The slowdown of transistor scaling coupled with the surging democratization of AI has spurred the rise of application-driven architectures to continue delivering gains in performance and energy efficiency. My PhD work has developed domain-specific hardware architectures for natural language processing (NLP) and AI training workloads as summarized below.
1) EdgeBERT is an algorithm-hardware co-design framework multi-task NLP inference. The EdgeBERT accelerator tailors its latency and energy consumption via entropy-based early exit and dynamic voltage-frequency scaling (DVFS). Computation and memory footprint overheads are further alleviated by employing a calibrated combination of adaptive attention span, selective network pruning, and floating-point quantization. EdgeBERT source code is open-sourced here.

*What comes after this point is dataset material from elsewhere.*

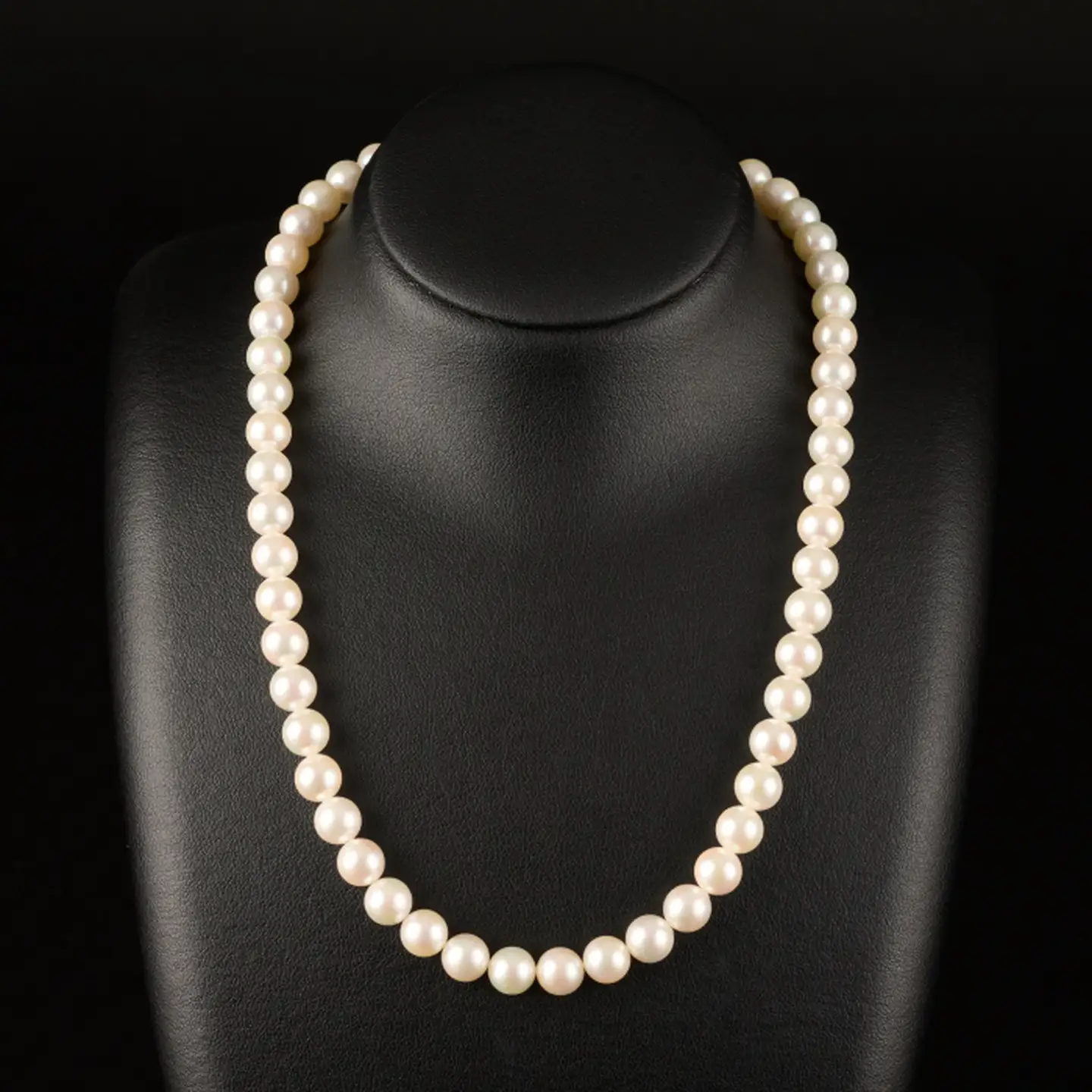 鑑別書付 8～8.5アコヤ真珠ネックレス・イヤリングorピアスセット：C900-002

2) CAMEL is a model-architecture co-design framework for on-device machine learning training using embedded DRAMs. The specialized accelertor consists of a systolic array core and a hybrid eDRAM-SRAM memory subsystem as illustrated below. The reconfigurable systolic array core utilizes block floating-point (BFP) -based processing elements.
3) FlexASR is a hardware accelerator with AdaptivFloat-based processing elements, optimized for attention-based recurrent neural networks used in speech and machine translation AI workloads. FlexASR is open-sourced here.